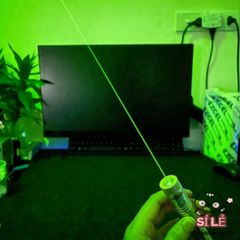 Bút Laser 303 Xanh - Đèn Chiếu Laser Mạnh, Tầm Xa 2km, Pin 3000mAh, Chất Lượng Cao, Phù Hợp Học Tập và Giải Trí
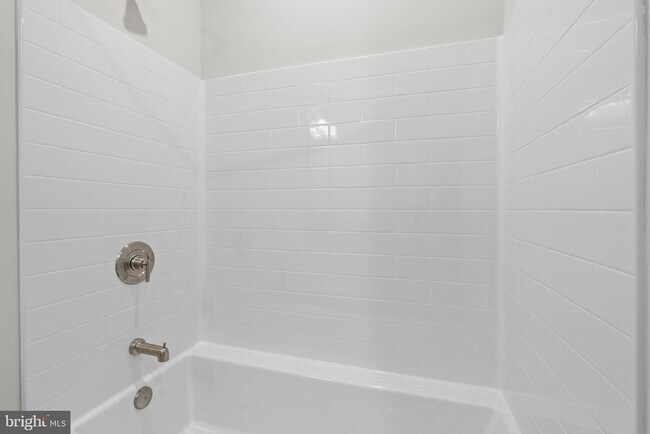 Photo - 30 W Broad St Unit SUITE 4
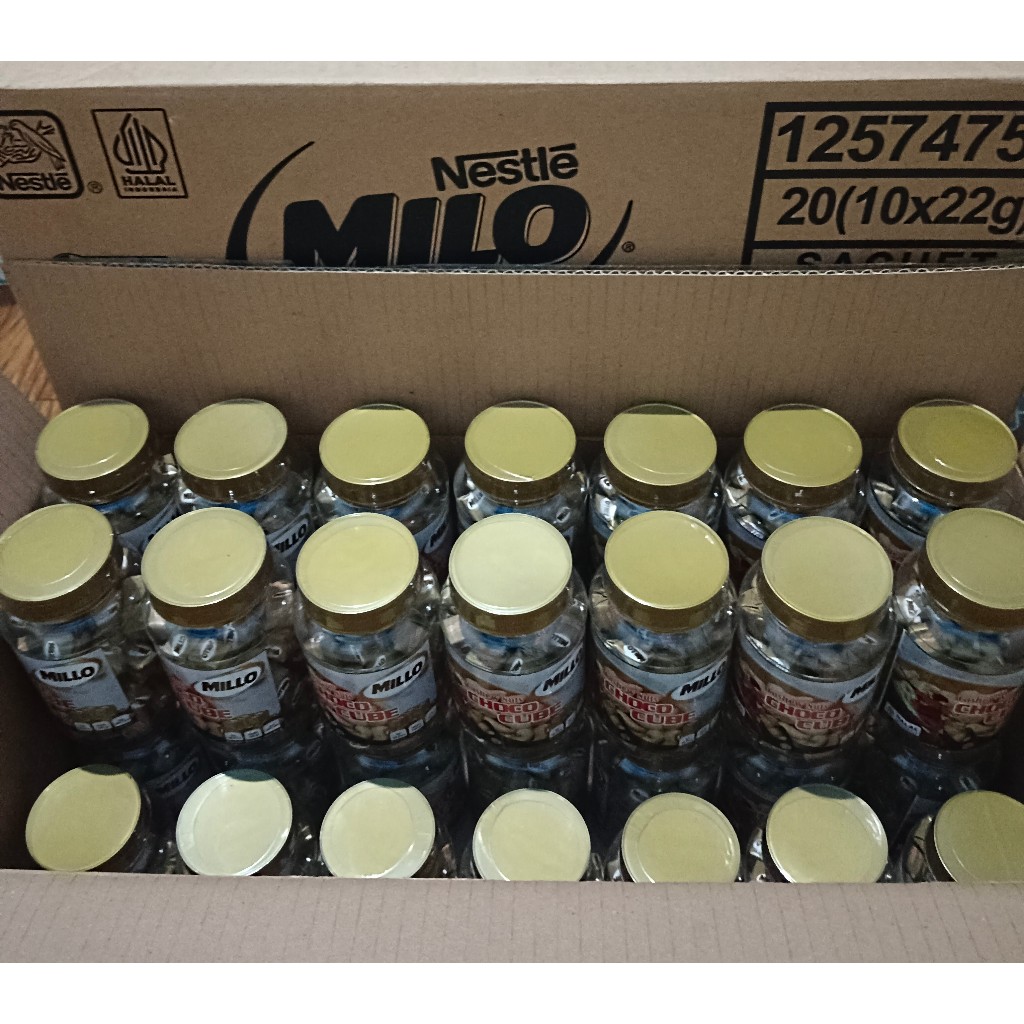 

Kacang Mede Milo/Millo Cube 1 Dus (Per Dus Isi 42 Toples, Per Toples Isi 50 Cube)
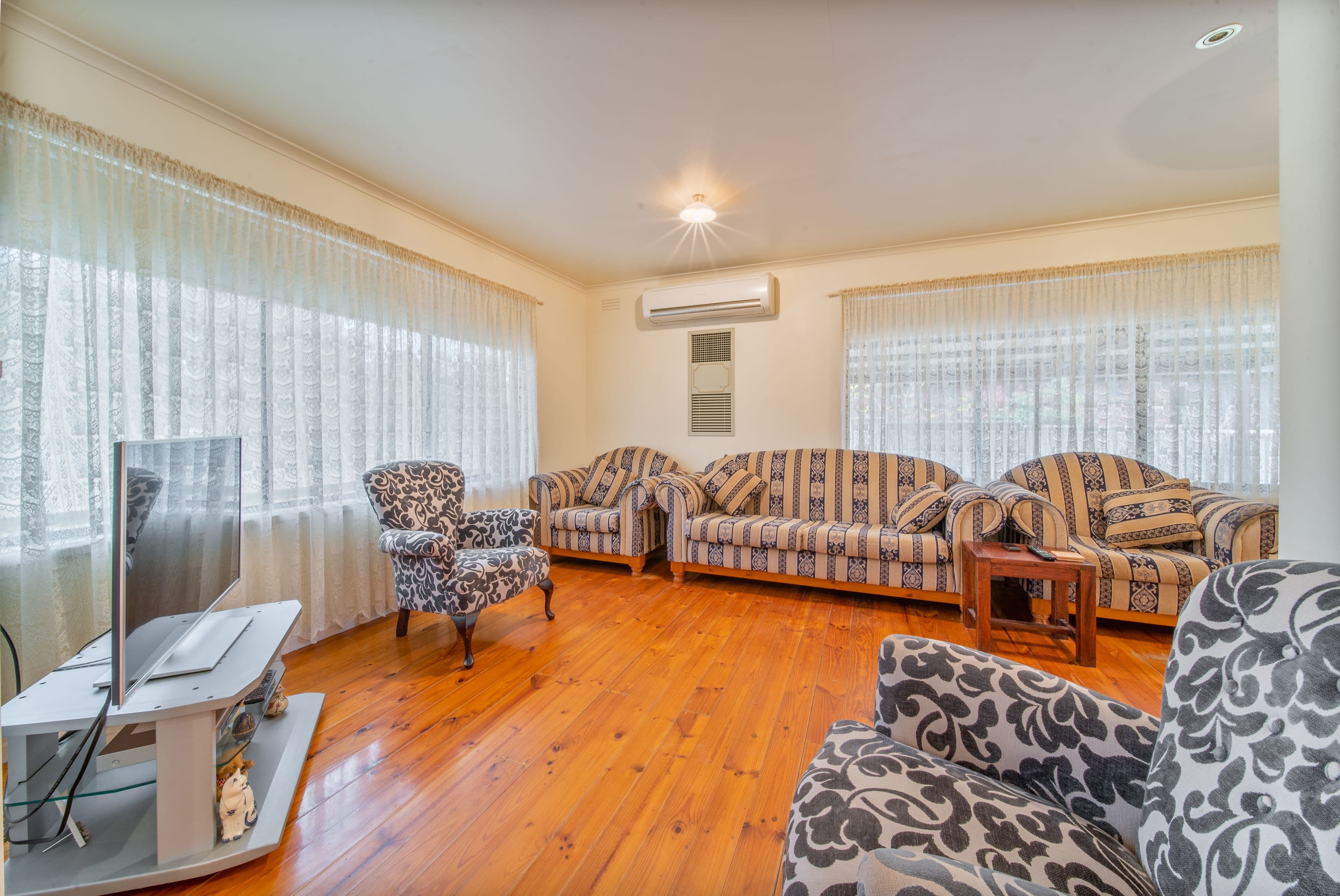 26 Pilcher Street, Strathdale VIC 3550, Strathdale - Thumbnail 4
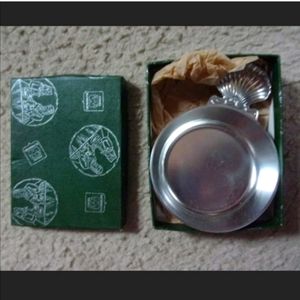 Etains DuManoir Paris France Pewter Wine Tasting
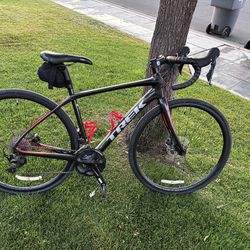 TREK Domane SL5 w/Disc Breaks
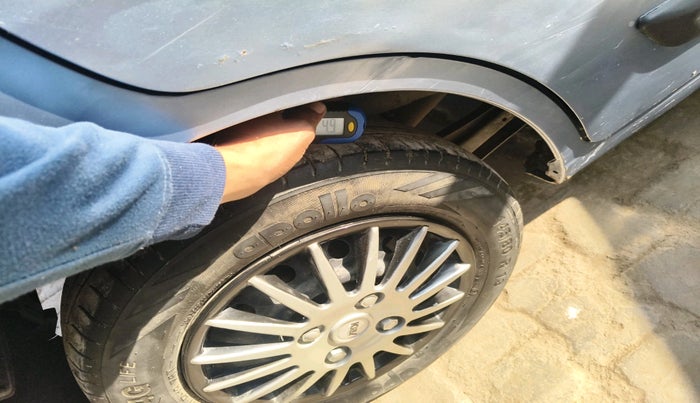 2011 Maruti Wagon R 1.0 LXI, Petrol, Manual, 84,682 km, tyre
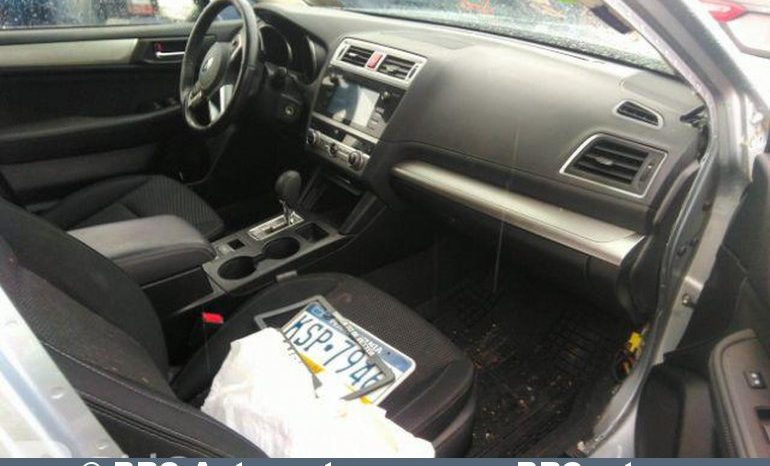 Subaru Outback 2.5i PZEV AWD Automatas 2015 full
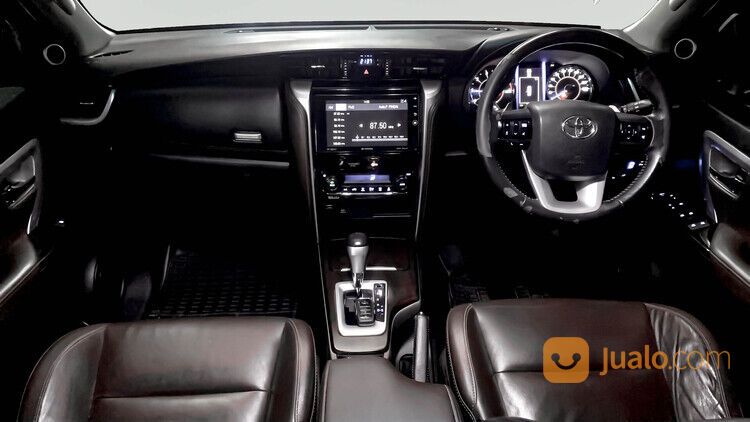 Toyota Fortuner 2.4 VRZ AT 2017 Putih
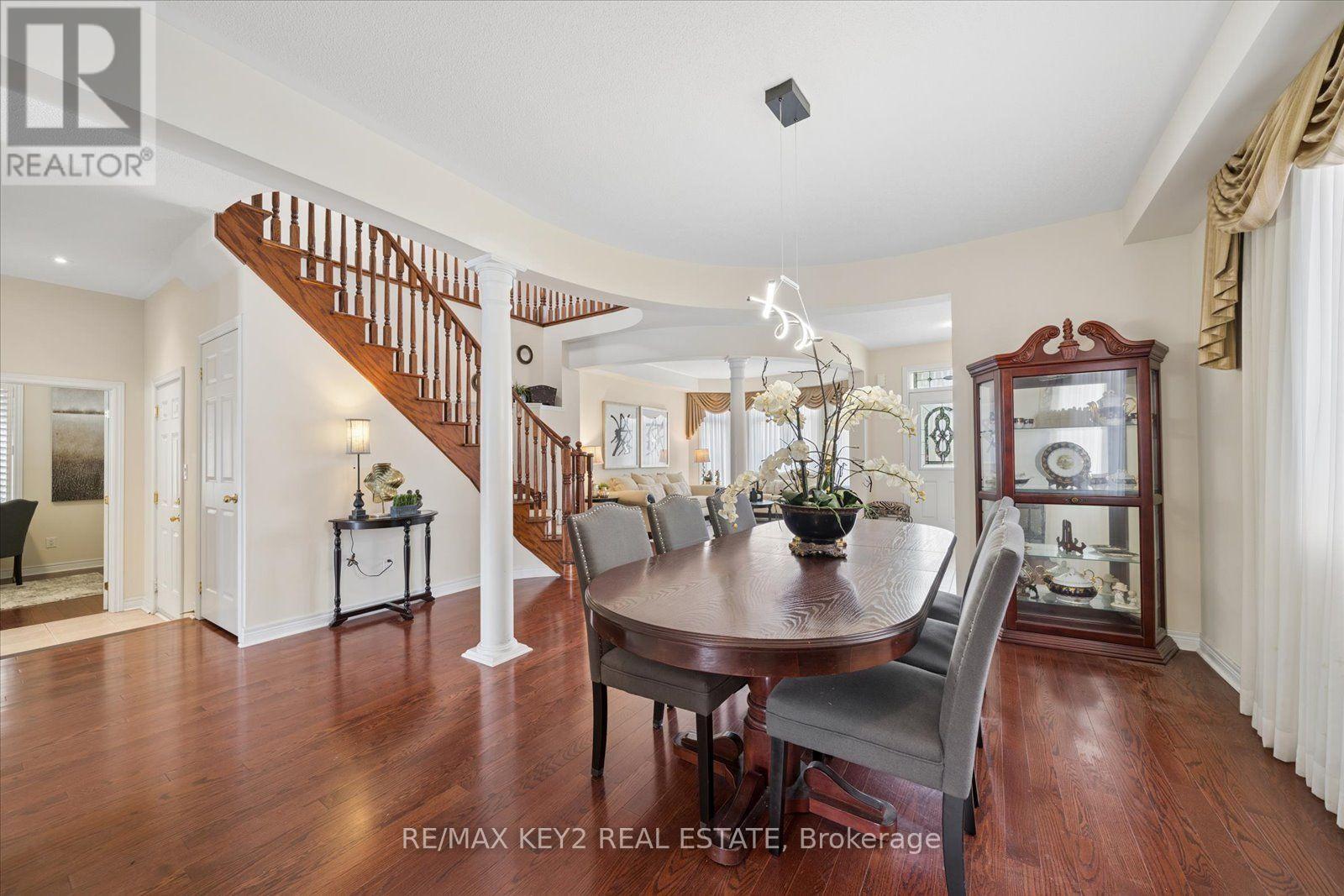 110 Walter Scott Crescent, Markham, Ontario L6C 0E9 - Photo 9 - N13702172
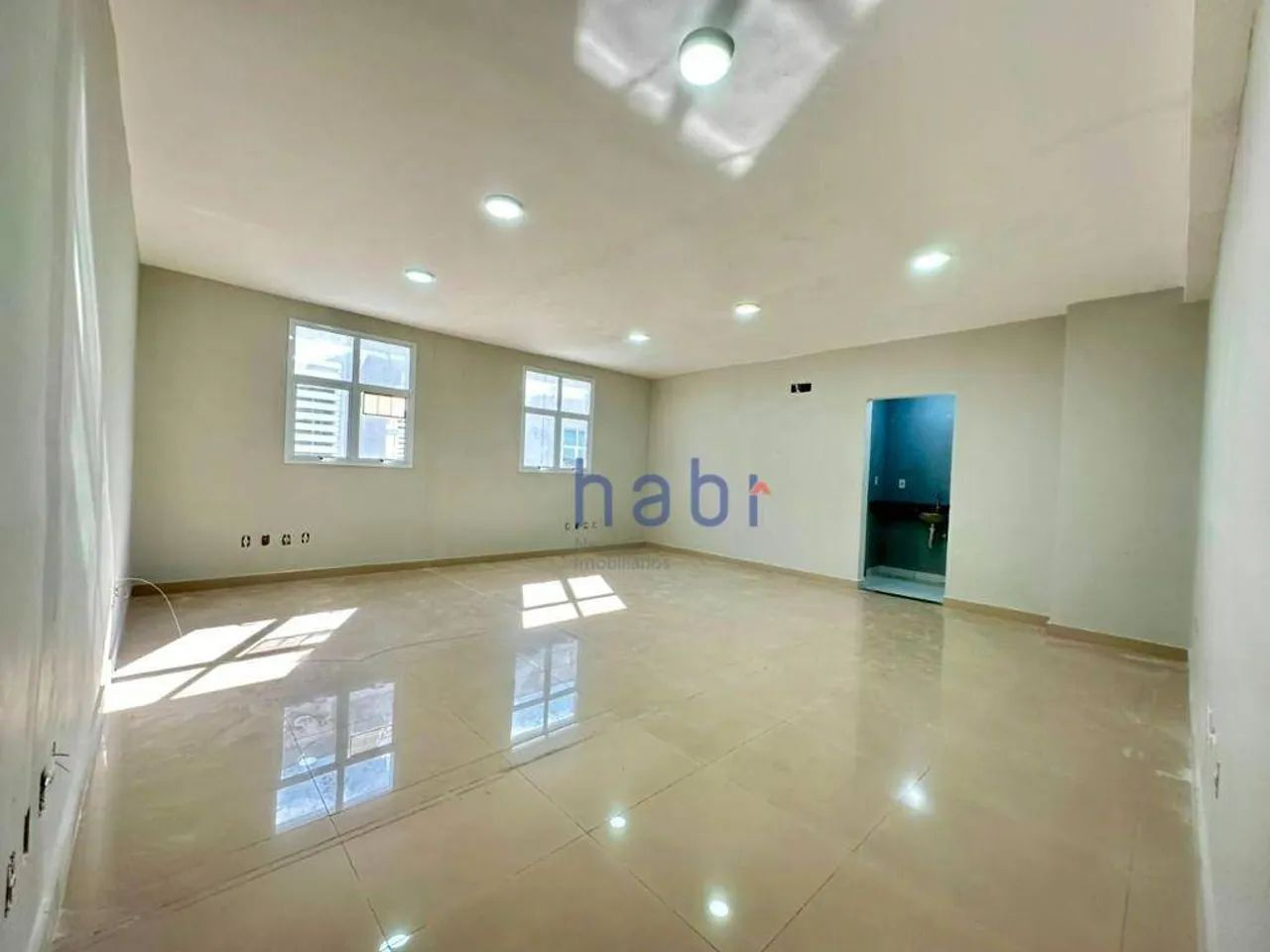 Sala para alugar, 42 m² por R$ 3.000/mês - Condomínio Edifício Black and White - Sorocaba/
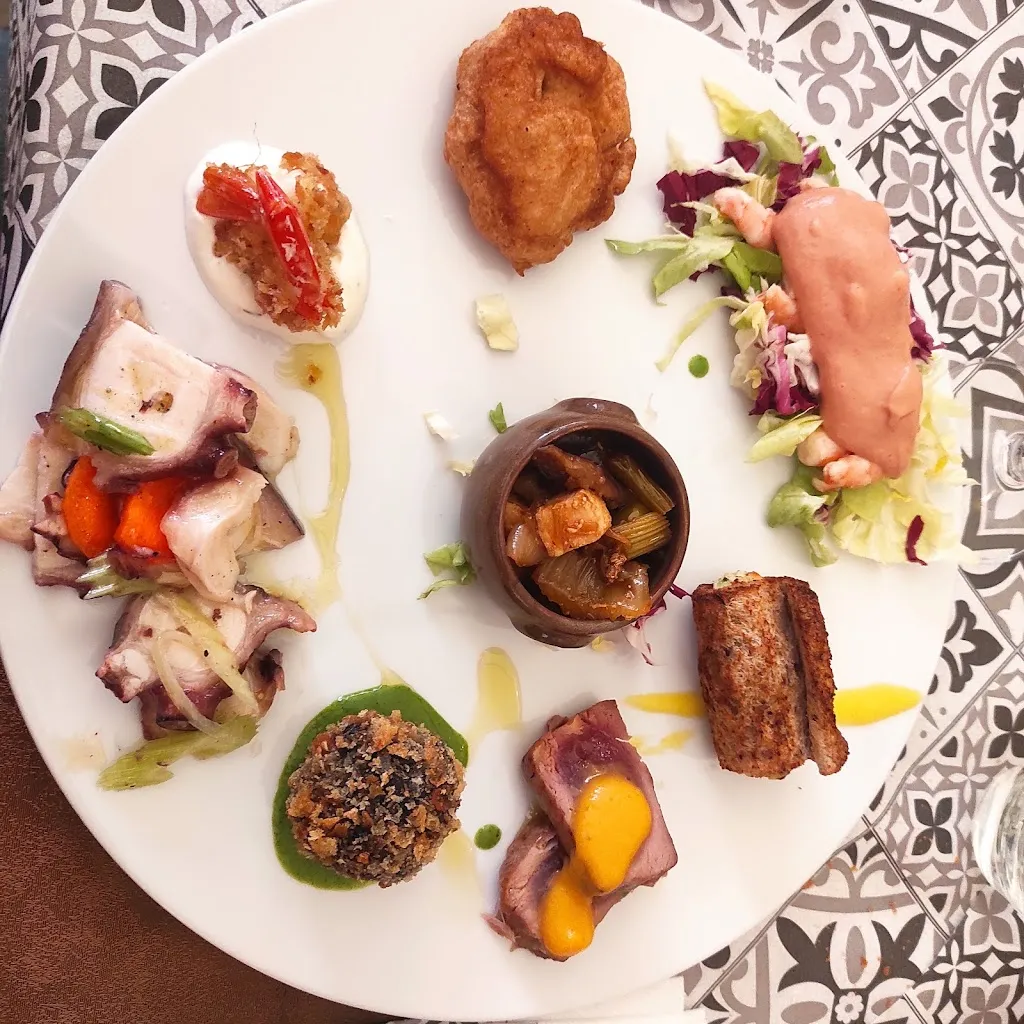 Trattoria Di Giannino Cesarino_Camastra_slider_image_3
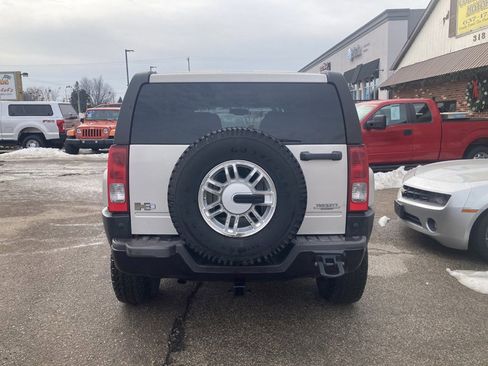 Used 2006 HUMMER H3 image 4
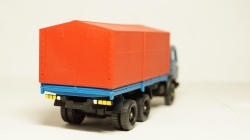 Камаз 5320 с тентом на резине синий/красный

□ □ □ □ □

◆ **WHAT YOU SHOULD DO**:
From the line with "Etains DuManoir Paris" through the final line of the records above, return each line exactly and nothing else. Pictures are to be skipped.

◆ **YOUR SOLUTION**:
 Etains DuManoir Paris France Pewter Wine Tasting
 TREK Domane SL5 w/Disc Breaks
 2011 Maruti Wagon R 1.0 LXI, Petrol, Manual, 84,682 km, tyre
 Subaru Outback 2.5i PZEV AWD Automatas 2015 full
 Toyota Fortuner 2.4 VRZ AT 2017 Putih
 110 Walter Scott Crescent, Markham, Ontario L6C 0E9 - Photo 9 - N13702172
 Sala para alugar, 42 m² por R$ 3.000/mês - Condomínio Edifício Black and White - Sorocaba/
 Trattoria Di Giannino Cesarino_Camastra_slider_image_3
 Used 2006 HUMMER H3 image 4
 Камаз 5320 с тентом на резине синий/красный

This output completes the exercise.